# Is ester egger same as ameraucana and araucana?



## tiras25 (Nov 11, 2012)

I got a beautiful rooster 5 mo old that I need to give away. I attached the photo. People saying most likely this ee breed. I was gives hatching eggs as ameraucana. Is that the same thing. They are all lay olive or light blueish eggs. 
Please advice.


----------



## Bird_slave (Oct 26, 2012)

It can be, depending on whether the parent birds came from a hatchery or a sure 'nuff ameraucana breeder. The ones the hatcheries sell are more properly called easter eggers.


----------



## BigECart (Jul 12, 2012)

Do the hens look the same? He is so dark - I've never seen them that color.


----------



## tiras25 (Nov 11, 2012)

BigECart said:


> Do the hens look the same? He is so dark - I've never seen them that color.


The hen looks like araucana. Attached. But then again not sure if from the same breed.


----------



## tiras25 (Nov 11, 2012)

Bird_slave said:


> It can be, depending on whether the parent birds came from a hatchery or a sure 'nuff ameraucana breeder. The ones the hatcheries sell are more properly called easter eggers.


Got it. Interesting. 
Thank you!


----------



## Bird_slave (Oct 26, 2012)

Your hen has the puffy cheeks that you expect to see with the ameraucana breed (or an EE).
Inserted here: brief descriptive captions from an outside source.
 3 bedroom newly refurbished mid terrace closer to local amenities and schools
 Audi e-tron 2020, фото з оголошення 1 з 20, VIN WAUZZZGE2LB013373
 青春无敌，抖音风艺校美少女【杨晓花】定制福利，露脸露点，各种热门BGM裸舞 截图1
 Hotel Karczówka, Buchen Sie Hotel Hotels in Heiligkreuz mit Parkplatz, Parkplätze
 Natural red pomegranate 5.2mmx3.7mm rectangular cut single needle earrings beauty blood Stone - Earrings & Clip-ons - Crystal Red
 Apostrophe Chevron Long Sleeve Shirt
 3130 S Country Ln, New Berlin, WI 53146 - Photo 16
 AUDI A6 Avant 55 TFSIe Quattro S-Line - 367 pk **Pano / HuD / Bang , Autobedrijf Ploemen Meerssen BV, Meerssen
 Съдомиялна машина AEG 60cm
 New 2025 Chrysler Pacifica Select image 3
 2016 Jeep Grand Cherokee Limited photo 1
The cockerel does not.


----------



## tiras25 (Nov 11, 2012)

So does than mean my cock should also have a puffy cheeks? Does that mean he is not the EE or Ameraucana breed?


----------



## Bird_slave (Oct 26, 2012)

tiras25 said:


> So does than mean my cock should also have a puffy cheeks? Does that mean he is not the EE or Ameraucana breed?
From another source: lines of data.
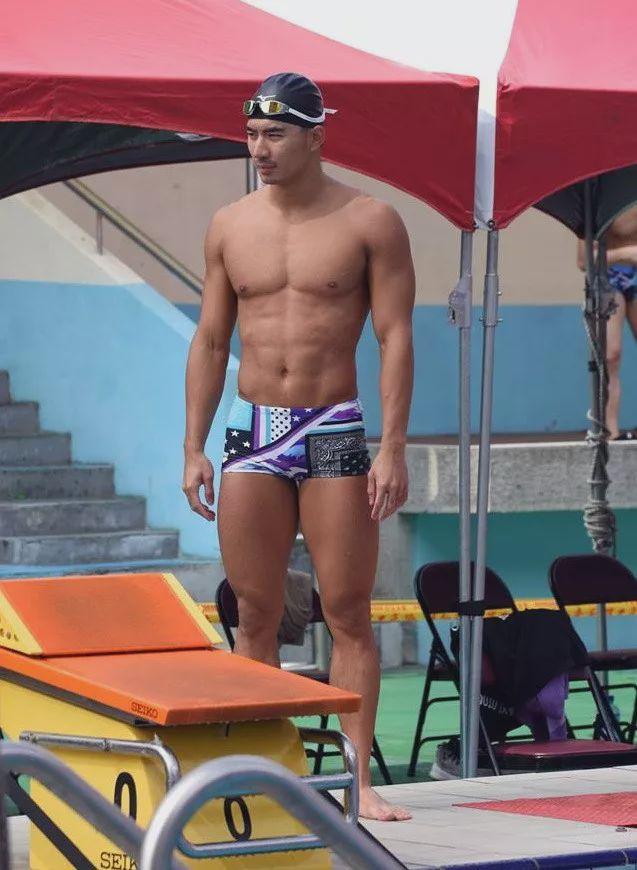 泳池偶遇的175cm的肌肉男,竟然是一名正宗的体育生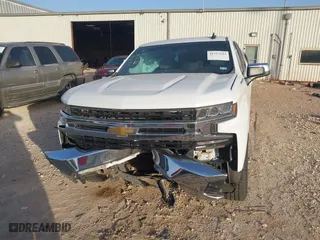2019 Chevrolet Silverado 1500 LT with VIN 3GCPWCED5KG146483, listed as a IAAI auction lot 41757133 with 126,638 mi miles. Bid and sale history available at carsss.com. Image 11.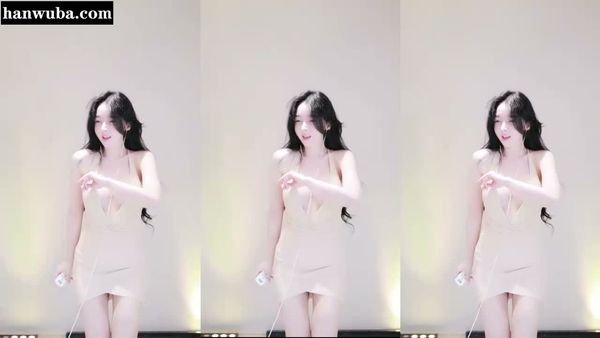 260825-robinmia (2)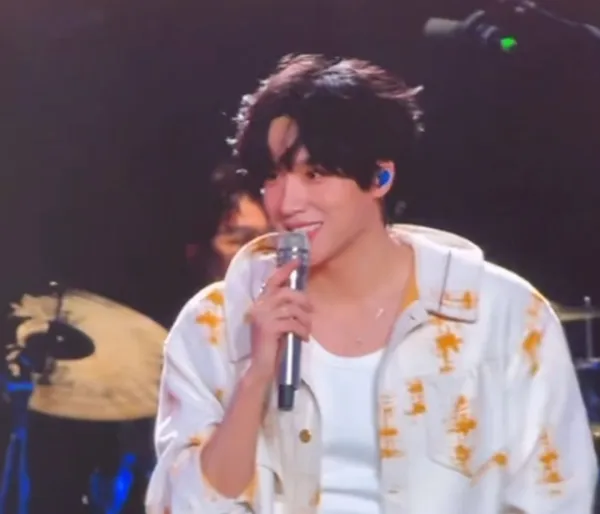 Zhan Xuan: Experiment X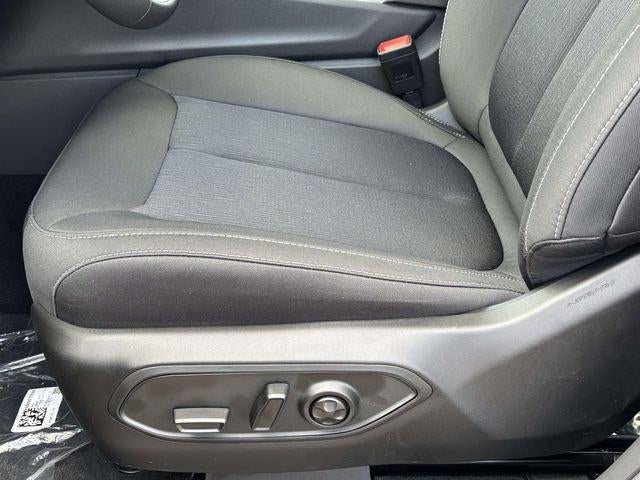 2026 Jeep Grand Cherokee GRAND CHEROKEE L LAREDO X 4X4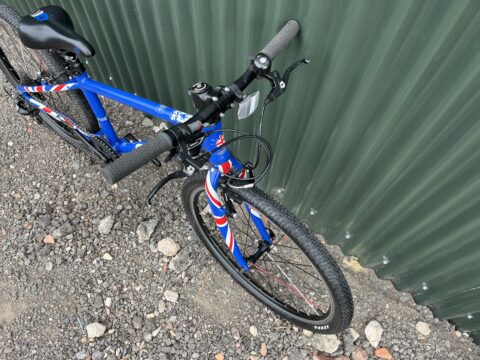 Frog 62 Kids Bike – Union Jack - Blue – Grade B for sale in Yorkshire and The Humber by Club Bikes on SHIFTA marketplace. Top quality second-hand bikes online.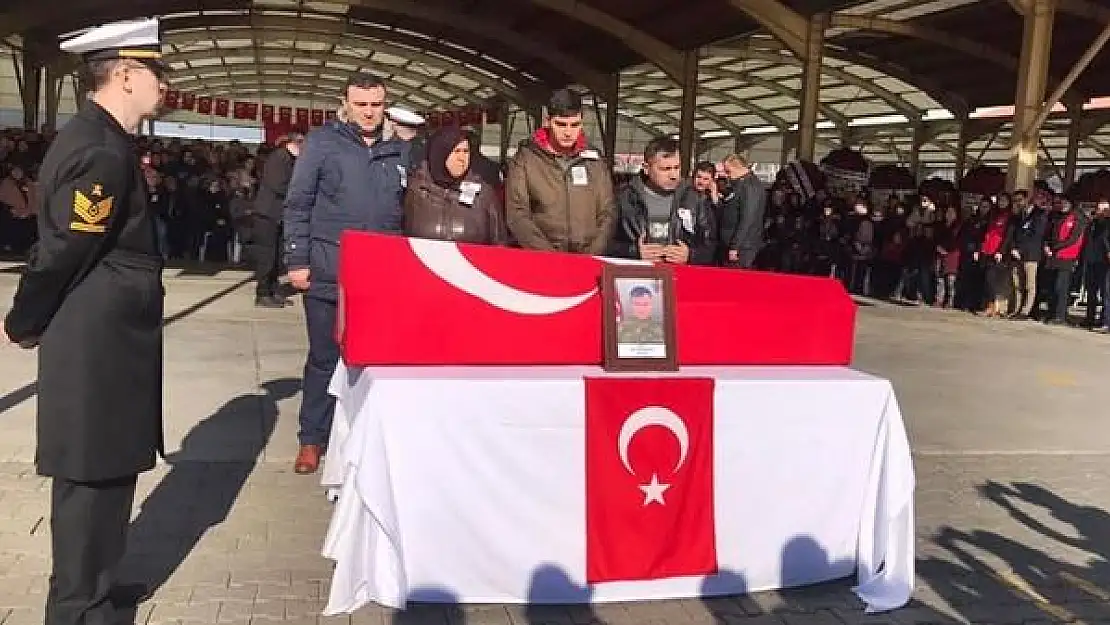 Şehit Er, son yolculuğuna uğurlandı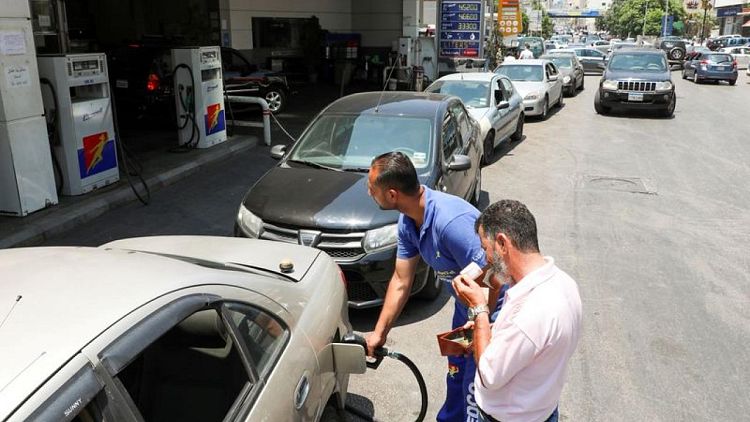 لبنان يسمح للصناعيين بالاستيراد المباشر للمازوت وسط عجز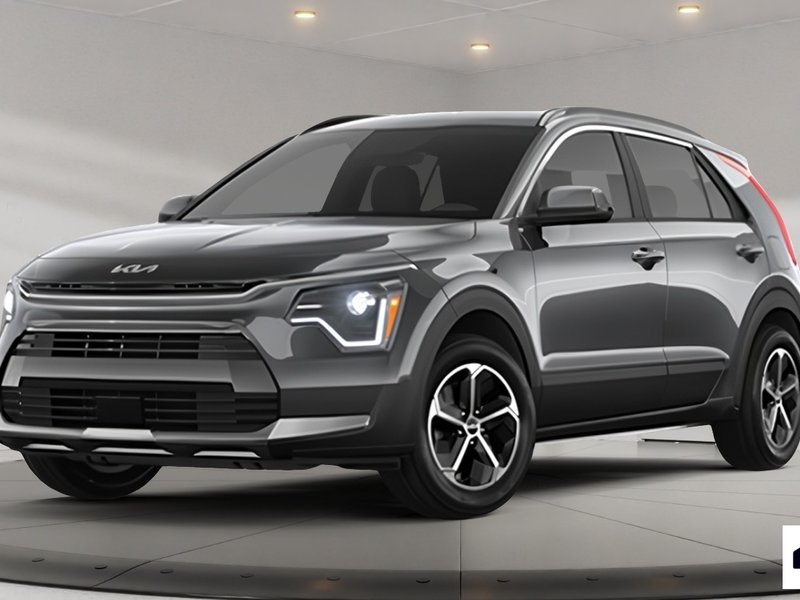 2025 Kia Niro HEV EX Fuel-Efficient Hybrid, Advanced Tech, Spacious Interior
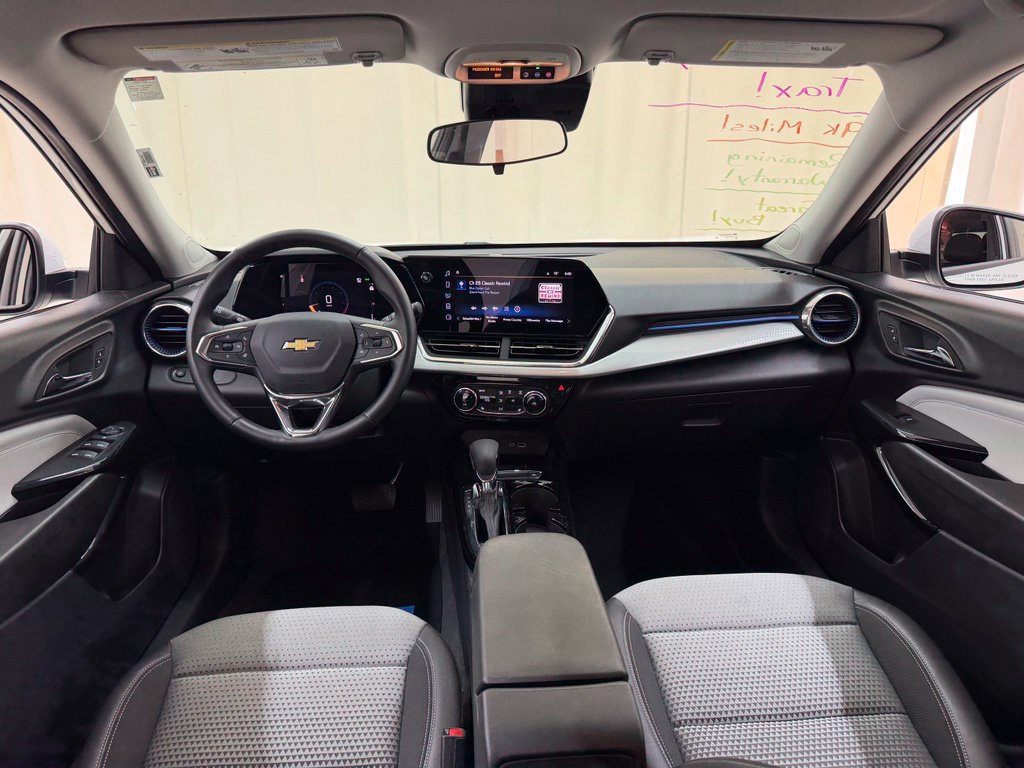 Used 2026 Chevrolet Trax LT w/ Driver Confidence Package FWD image 21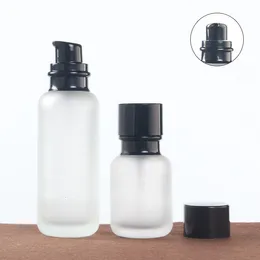 Glasflaska kosmetiska paket plastlock 50 ml 110 ml 150 ml frostglas￶gon gr￤dde kosmetisk beh￥llare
 Both the roos and the hens of the ameraucana breed should have the puffy cheeks or "beard"; so I'd have to say no. He's either a mix or a different breed entirely.


----------



## tiras25 (Nov 11, 2012)

Bird_slave said:


> Both the roos and the hens of the ameraucana breed should have the puffy cheeks or "beard"; so I'd have to say no. He's either a mix or a different breed entirely.


Hmm I see. What breed would you think he is? Here is more pics I shot yesterday.


----------



## KenimokPoultry (Oct 31, 2012)

He is not an Ameraucana. He needs to have a beard and muffs to be an Ameraucana. He does have slate legs and a nice long tail. ( two traits accustom to ameraucanas). As for the hen, she has a pea comb (essential to be Ameraucana) but your roosters comb looks iffy. Would need to see the hens tail to see if she is Ameraucana or not. 

For the record. An Easter Egger is any type of chicken that possesses the green egg laying trait. Normally a mix between Ameraucana or araucana... The big traits for ameraucanas are the pea combs, long tails (unlike the araucana), beards and muffs.


----------



## grgfishkeeper (Oct 15, 2012)

Looks like a brow leghorn to me?


----------



## KenimokPoultry (Oct 31, 2012)

I don't know anything about leghorns, but from some research leghorns have white earlobes


----------



## grgfishkeeper (Oct 15, 2012)

You could be correct.. my one leg horn rooster does have white earlobes ... but could he be crossed with something?


----------